Thread: Index plan returns different results to sequential scan

Index plan returns different results to sequential scan

From
John Burns
Date:
Hi… 

We’ve been using the postcode extension from PGXN for a number of years and it has not caused any problems until now. 
The original developer is no longer around, but a couple of minor changes have kept it operating since version 9.



There is an operator (%)  and underlying ‘C’ function (postcode_eq_partial) that provides a containment test 
e.g. ‘NW10 5AQ’ % ‘NW10’  is true , ‘L17 3PB’ % ‘NW10’ is false etc.


If we run a   query against a table with a postcode field but no index  using the % operator we get the correct result.

If we run the same query against the table after adding a tree index on the postcode result we get few fewer results.

If we drop and reindex we get a different number of results.

The query is SELECT * FROM XXX where postcode % ’NW10’   
To create a sample table  — create table XXX ( udprn bigint, postcode postcode ) 
To Index it  CREATE INDEX on XXX(postcode)

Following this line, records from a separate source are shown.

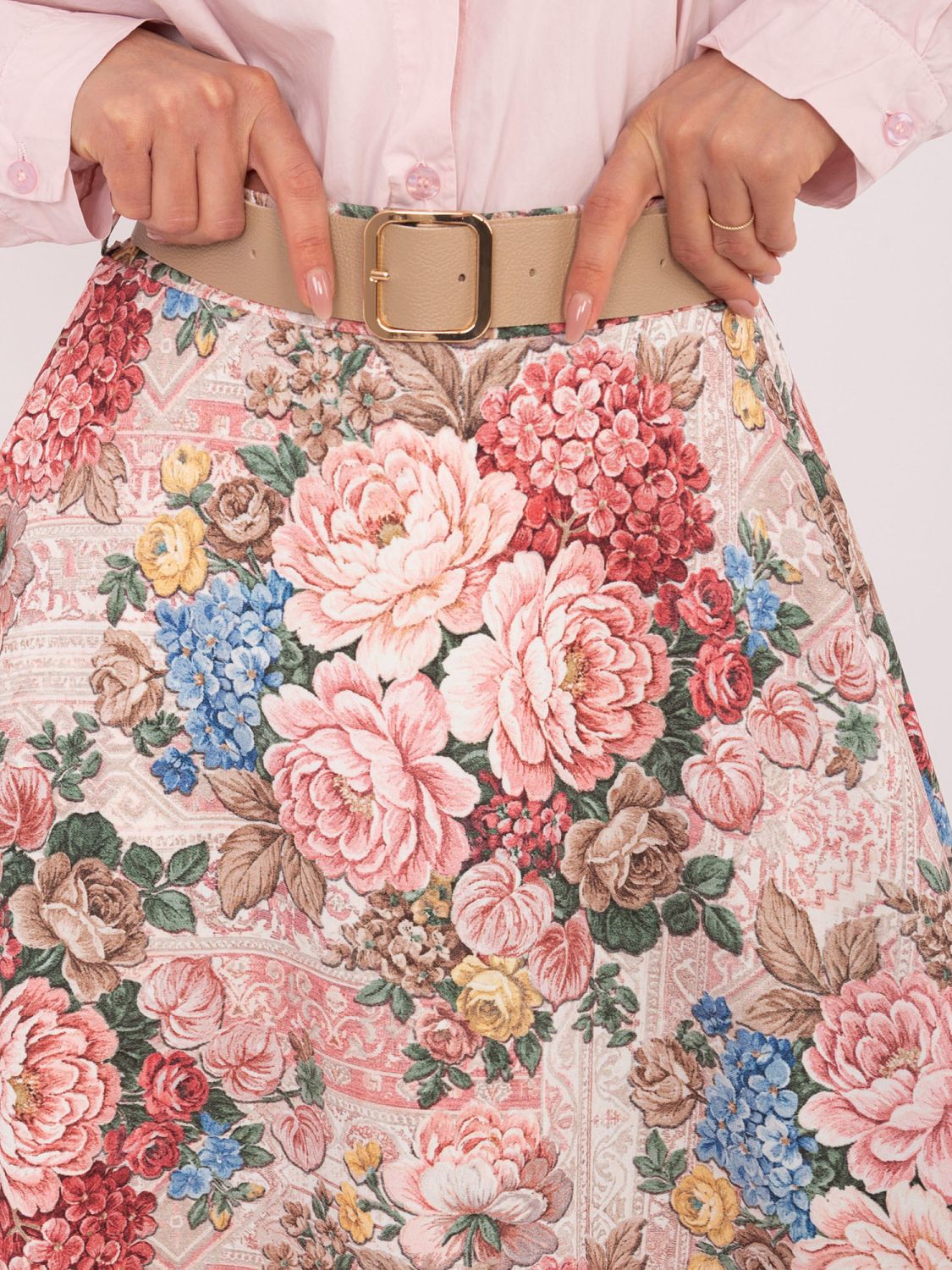 Růžová midi sukně s květinovým vzorem a páskem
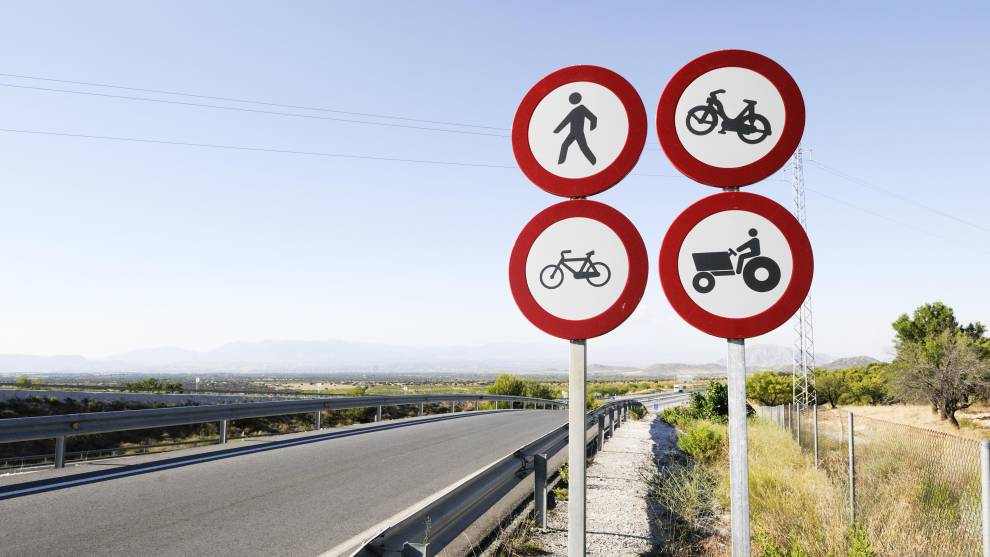 Algunas de las señales de tráfico más extrañas que te puedes encontrar en España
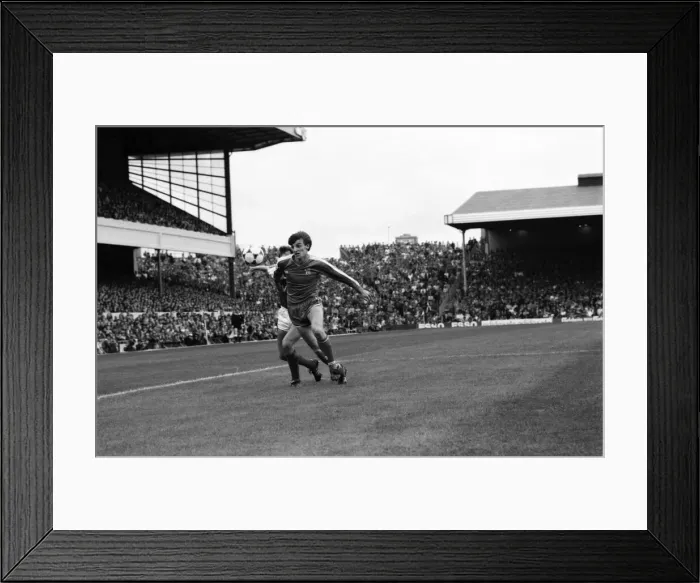 Framed Print : Arsenal 3 v. Chelsea 1. Division One Football. October 1986 LF20-14-052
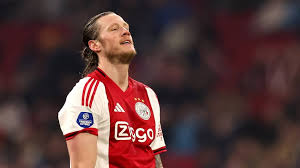Ajax mist Weghorst in Eredivisie-topper, Driouech start bij PSV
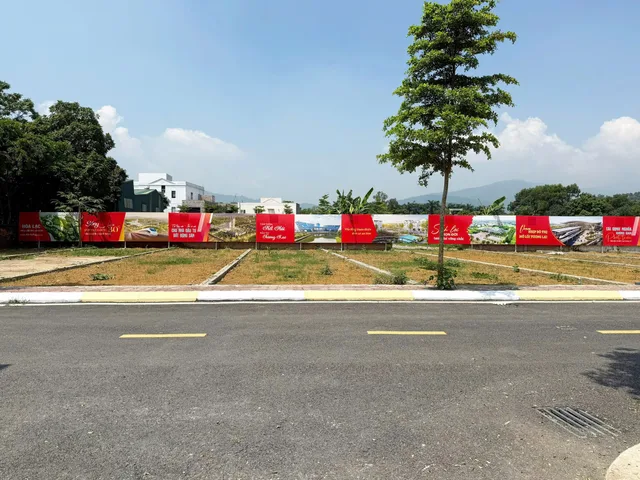 Bán Đất 100m2 có sẵn 100 m2 thổ cư giá 8.2 tỷ tại Xã Tiến Xuân Huyện Thạch Thất Hà Nội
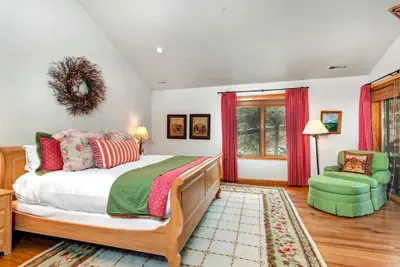 Photo 4 - Nordic Retreat 5 Bedrooms PAC-2410 by KBM
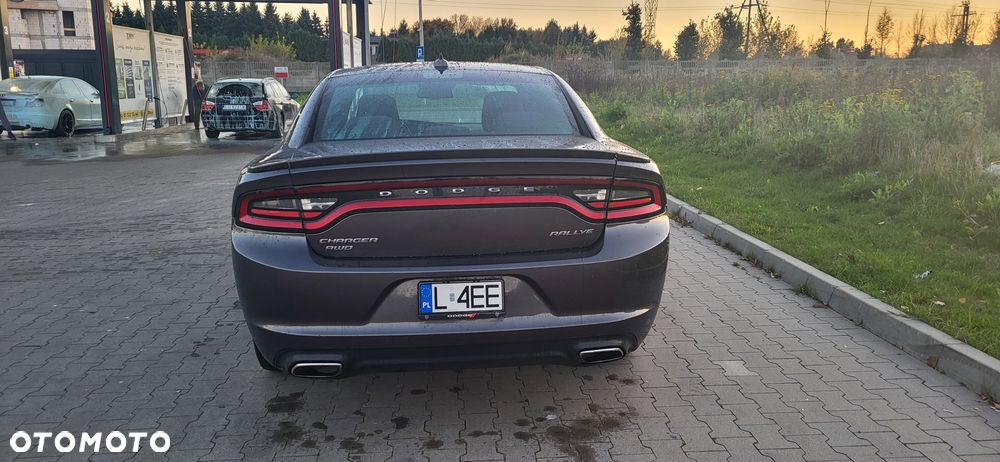 Dodge Charger 3.6 GT - 5
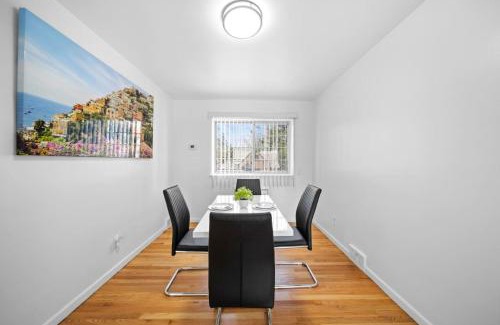 Birmingham Apartment | DT Green Haven 4-Bed Sanctuary in Vibrant Loco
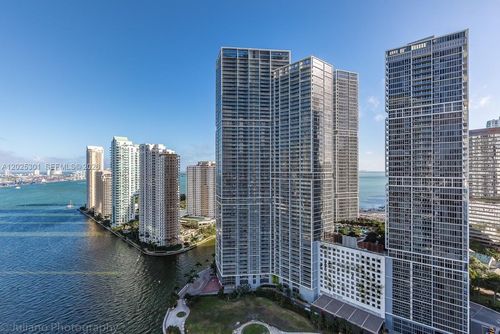 3102-200 Biscayne Boulevard Way, Miami, FL, 33131-2157 | Card Image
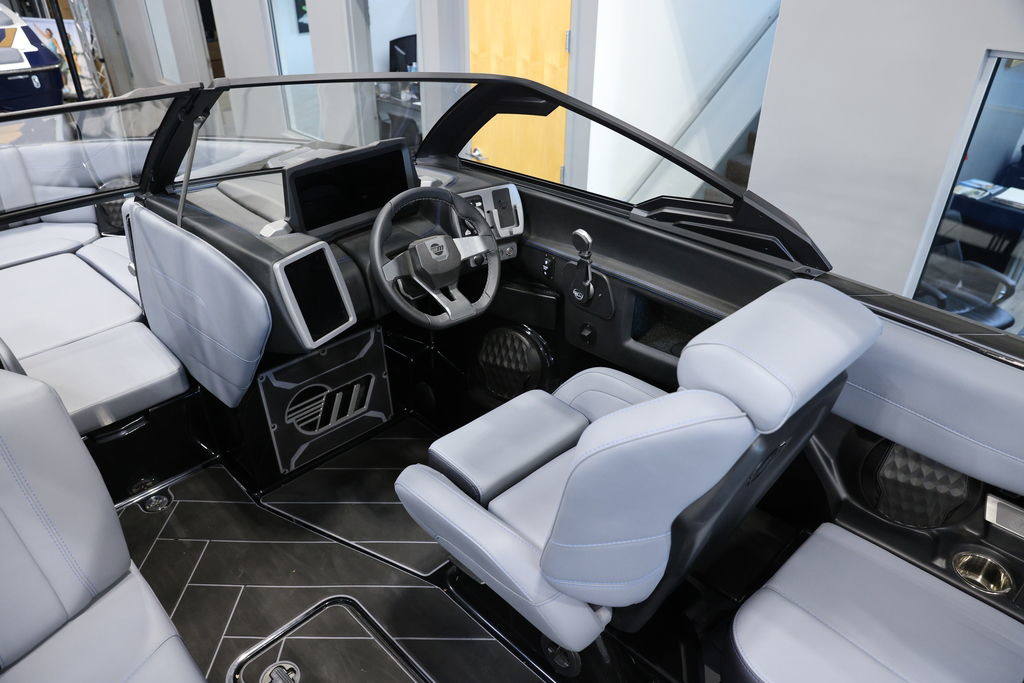 2024 Malibu 23 LSV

The underlying representation of the postcode is a 32 bit integer, so not especially esoteric.

Although the postcode package is probably not especially significant in the scheme of things , the behaviour of indexed versus non-indexed queries is worrisome.

I’ve had to make a couple of minor changes to the postcode package as the Postgres versions have changed, i.e. define TRUE and FALSE in the c header files and change the location of the include files when Postgres 16 arrived, but nothing else.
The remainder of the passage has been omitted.